Monday, February 17, 2014
Construction of Gendered Realities through Cinema - Shyam Nair (1324110)
Immanuel Kant suggested a radical notion of the dichotomy of reality in his work on transcendental aesthetics. According to Kant we can never experience reality, rather we have access only to our perception of reality. Kant followed Hume in believing that man’s ‘knowledge’ is necessarily limited and distorted, because it is mediated by the senses
The dichotomy that this understanding generates is that between “Phenomena” (which constitute the immanent world of common experience) and “Noumena” (which constitute a transcendental world to which we have no empirical access, which is reality.) The dichotomy is of importance to the study of the construction gender in a phallogocentric system of meaning making.
Cinema is a medium that has had a stronghold over the Indian population for the longest time. This visual medium surrounds individuals and create a unified common experience of the world, which becomes the perspective lens that people use to view reality.
The male language that structures cinema will be studied in detail in this paper through a critical analysis of the Malayalam movie Pokkiri Raja directed by Vyshak. The reason for the selection of this movie is because of the evident nature of the construction of gender power asymmetry in the movie and due to the popularity it enjoyed. The movie was a blockbuster in 2010 and has been dubbed to Tamil (Raja Pokiri Raja) and remade in Hindi (Boss).
The paper will conduct an in depth analysis of the scenes where the female lead appears in the film and study the manner in which the woman has been objectified by this medium of communication.
Jacques Lacan in ‘The Mirror Stage as Formative of the Function I’ suggests that a child undergoes a process of identification during the Imaginary stage, which transfers her/him from the Real to the Symbolic. The Gaze is a psychoanalytical term to describe the anxious state that comes with the awareness that one can be viewed. The psychological effect is that the subject loses a degree of autonomy upon realizing that he or she is a visible object.
The Symbolic Order is phallocentric and hence the gaze that constructs the individual is the male gaze and the female gaze is negated. In her 1975 essay, "Visual Pleasure and Narrative Cinema", Laura Mulvey introduced the second-wave feminist concept of "male gaze" as a feature of gender power asymmetry in film. Mulvey stated that women were objectified in film because heterosexual men were in control of the camera.
Film and all other visual medium of representation that influence our perceptions of reality are constructed in a male language where myths have been essentialised and women, objectified.
Scene1; Actor sees actress for the first time:
The actor is travelling in a bus along with his new neighbor who is engrossed in constructing a novel around the life of the young actor. The novelist suggests that the story will be incomplete without a heroin and starts describing various physical aspects to describe a beautiful woman. The actor who is gazing out of the bus window suddenly realises that the words uttered by the novelist can be see in a girl who is walking down an alley. The shot begins with the actor gazing out uninterestedly. The next few shots are close shots of the actress; the camera captures her feet, fluttering strands of hair, eyes and smile before we get a complete image of the woman.

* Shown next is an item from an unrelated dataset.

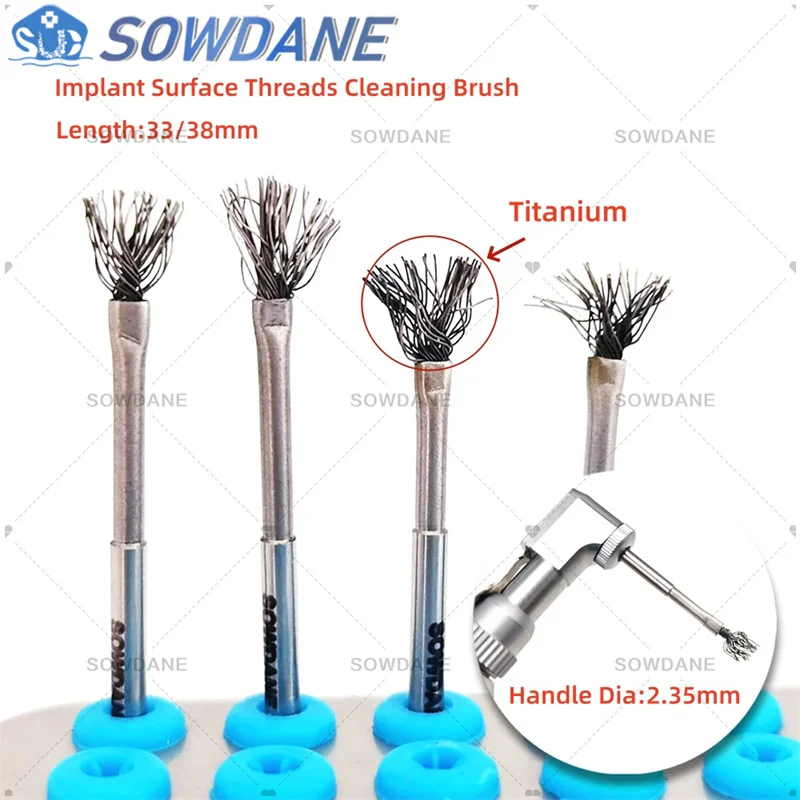 Dental Debridement Peri-Implantitis Implant Surface Threads Cleaning Brush High Quality Titanium brush Autoclavable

The objectification of the woman occurs here at different levels. The male gaze is established when the camera puts the audience into the perspective of a heterosexual man. Here the woman is displayed on two different levels: as an erotic object for both the characters within the film, as well as for the spectator who is watching the film.
The camera lingers over the woman’s body and creates a desire in the male spectators to attain the object on screen. What is interesting is the female gaze is visually negated; women viewing the ad are not exercising the ‘female gaze’ but rather they are viewing the ad through the male gaze constructed by the camera’s gaze (directors gaze), the editorial gaze (the editing that draws out attention to only certain aspects) and the intra-diegetic gaze (the gaze of the male actor).

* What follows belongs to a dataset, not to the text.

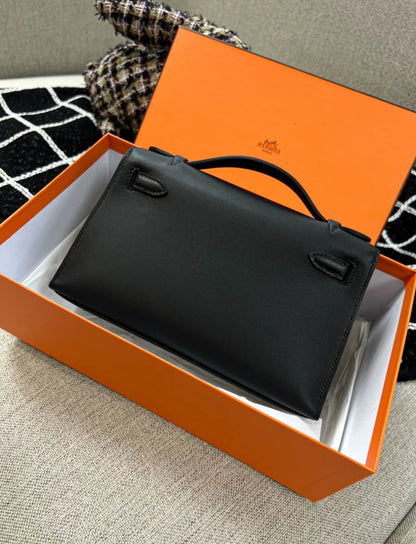 Hermes Mini Kelly Pochette Noir Black Swift Gold Hardware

Scene 2; Anti-hero clicks a picture of the heroin without her permission:
The gaze is not only that constructed by the hero’s perspective but also that the anti-hero’s perspective. Here there is an evident violation of the woman’s autonomy through a gaze, which is technological at two levels. The anti-hero clicks an image of the woman using his mobile phone and the viewers partake in this objectification through the viewing of the film. The woman is gazed upon at different levels. The scene ends with the hero rescuing the passive heroin. The passivity of the woman character is established in this scene and it continues till the end of the film. The woman is always depicted as a figure waiting ideally to be rescued by her man. This is one of the myths that has become a fixity in dominant visual narratives due to the phallogocentric language used in the production of cinema. These fixities are often normalized and consumed by the audience as the unified truth and it in turn distorts their perception of reality.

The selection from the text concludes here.